[[ RECORDS PROVIDED open ]]
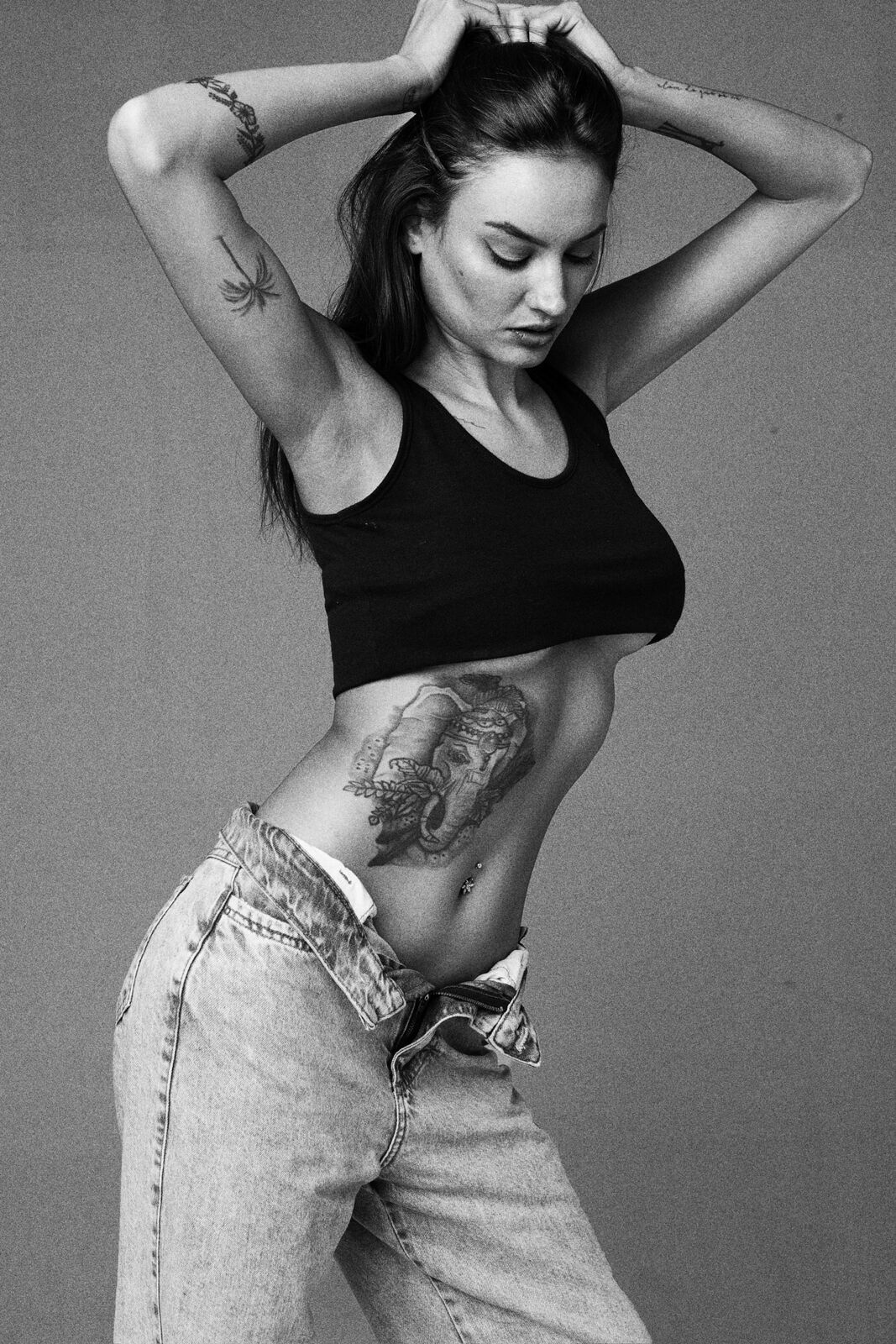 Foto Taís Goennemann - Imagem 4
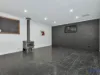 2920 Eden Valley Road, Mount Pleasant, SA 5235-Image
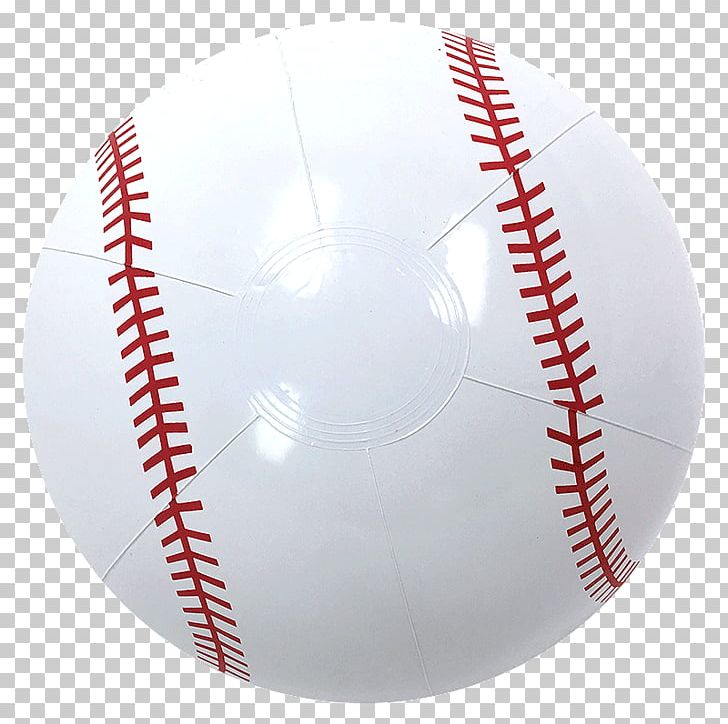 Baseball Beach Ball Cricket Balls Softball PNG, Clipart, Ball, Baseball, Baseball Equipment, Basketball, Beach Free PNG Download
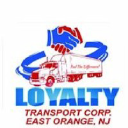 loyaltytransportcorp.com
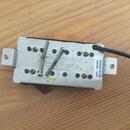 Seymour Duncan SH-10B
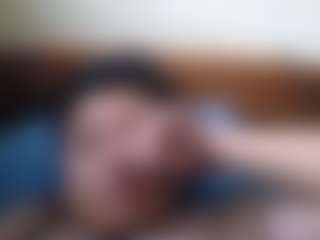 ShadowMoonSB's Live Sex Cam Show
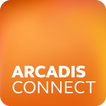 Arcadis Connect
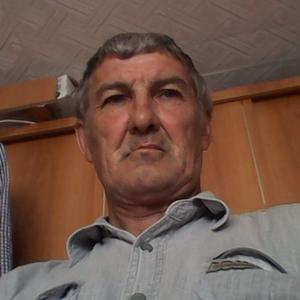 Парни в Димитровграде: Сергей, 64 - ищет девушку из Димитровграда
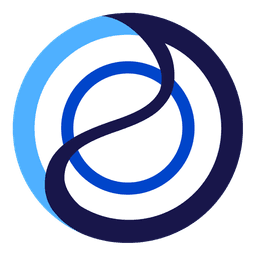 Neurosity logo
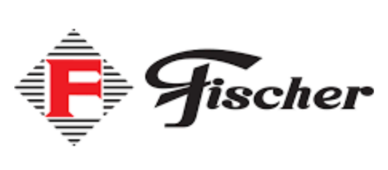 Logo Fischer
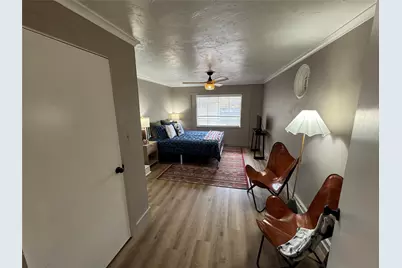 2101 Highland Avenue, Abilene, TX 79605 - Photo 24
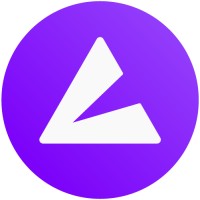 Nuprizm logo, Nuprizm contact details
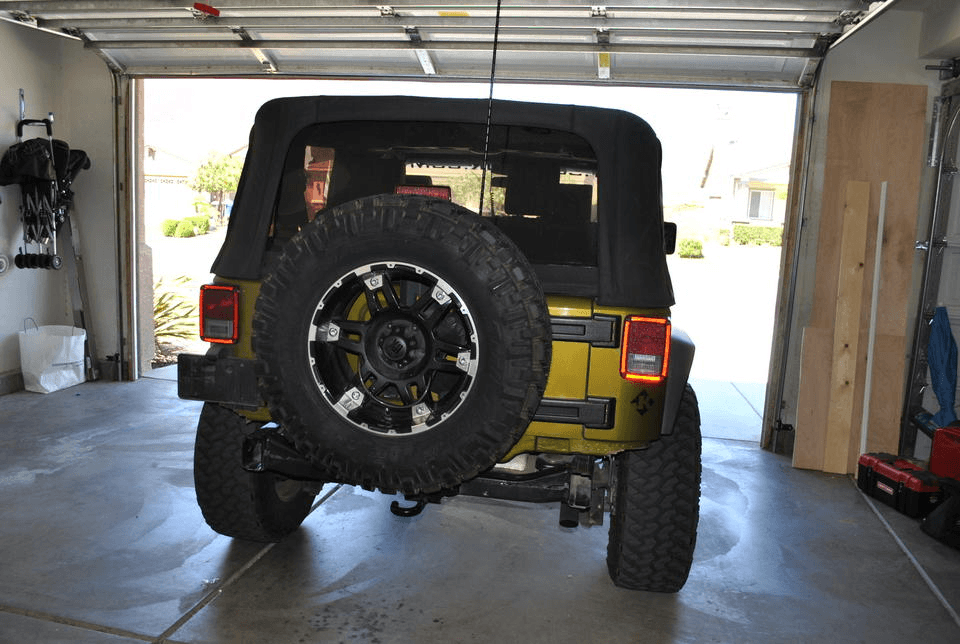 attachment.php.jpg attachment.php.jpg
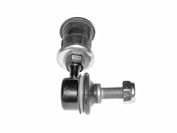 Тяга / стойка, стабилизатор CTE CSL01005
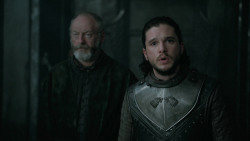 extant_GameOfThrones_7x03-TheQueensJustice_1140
[[ RECORDS PROVIDED closed ]]
The answer must be the full listing, restated word for word, with no pictures in it.

 Foto Taís Goennemann - Imagem 4
 2920 Eden Valley Road, Mount Pleasant, SA 5235-Image
 Baseball Beach Ball Cricket Balls Softball PNG, Clipart, Ball, Baseball, Baseball Equipment, Basketball, Beach Free PNG Download
 loyaltytransportcorp.com
 Seymour Duncan SH-10B
 ShadowMoonSB's Live Sex Cam Show
 Arcadis Connect
 Парни в Димитровграде: Сергей, 64 - ищет девушку из Димитровграда
 Neurosity logo
 Logo Fischer
 2101 Highland Avenue, Abilene, TX 79605 - Photo 24
 Nuprizm logo, Nuprizm contact details
 attachment.php.jpg attachment.php.jpg
 Тяга / стойка, стабилизатор CTE CSL01005
 extant_GameOfThrones_7x03-TheQueensJustice_1140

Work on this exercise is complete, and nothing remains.